Assigned task | In this exercise, return the whole listing exactly, excluding any images.

Input data |
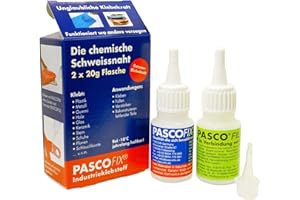 PASCOFIX chemische Schweißnaht Alleskleber extra starker Kleber Schweissnaht Kleber Sekundenkleber extra stark Industriekleber 2K Kleber Kunststoffkleber wasserfest chemische Schweissnaht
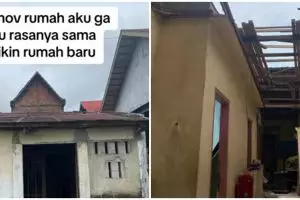 Tanpa bantuan arsitek, begini transformasi renovasi rumah dengan konsep memanjang bak kereta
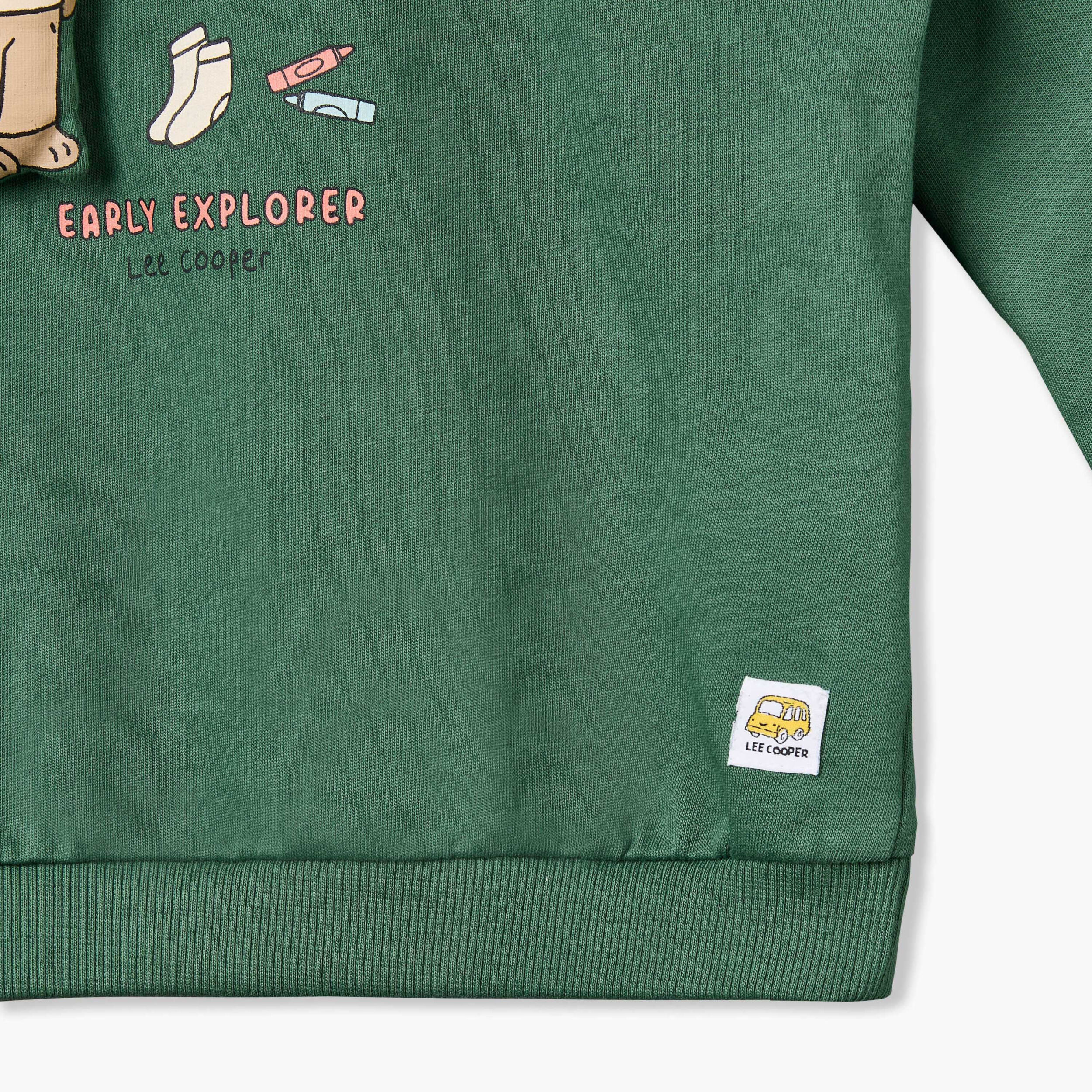 Lee Cooper Round Neck Long Sleeves Sweatshirt and Joggers Set with Graphic Print-baby-boys-clothing-setsandcoords-image-8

Solution for this task |
 PASCOFIX chemische Schweißnaht Alleskleber extra starker Kleber Schweissnaht Kleber Sekundenkleber extra stark Industriekleber 2K Kleber Kunststoffkleber wasserfest chemische Schweissnaht
 Tanpa bantuan arsitek, begini transformasi renovasi rumah dengan konsep memanjang bak kereta
 Lee Cooper Round Neck Long Sleeves Sweatshirt and Joggers Set with Graphic Print-baby-boys-clothing-setsandcoords-image-8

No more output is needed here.